■ The problem
From the data below, retype exactly the lines starting with the one that contains "N° de l'image" and ending with the one that contains "Used 2024 White Toyota LE image 32", both included.

Provided records: Begin

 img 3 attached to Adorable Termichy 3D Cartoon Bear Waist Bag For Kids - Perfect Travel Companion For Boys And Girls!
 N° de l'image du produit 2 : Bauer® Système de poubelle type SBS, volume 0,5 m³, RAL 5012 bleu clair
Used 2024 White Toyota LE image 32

Provided records: End
Provided records: Begin

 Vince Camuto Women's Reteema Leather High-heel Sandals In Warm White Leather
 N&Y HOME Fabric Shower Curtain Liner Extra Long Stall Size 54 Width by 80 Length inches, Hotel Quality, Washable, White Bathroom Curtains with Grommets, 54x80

Provided records: End

■ Result for this task
 N° de l'image du produit 2 : Bauer® Système de poubelle type SBS, volume 0,5 m³, RAL 5012 bleu clair
Used 2024 White Toyota LE image 32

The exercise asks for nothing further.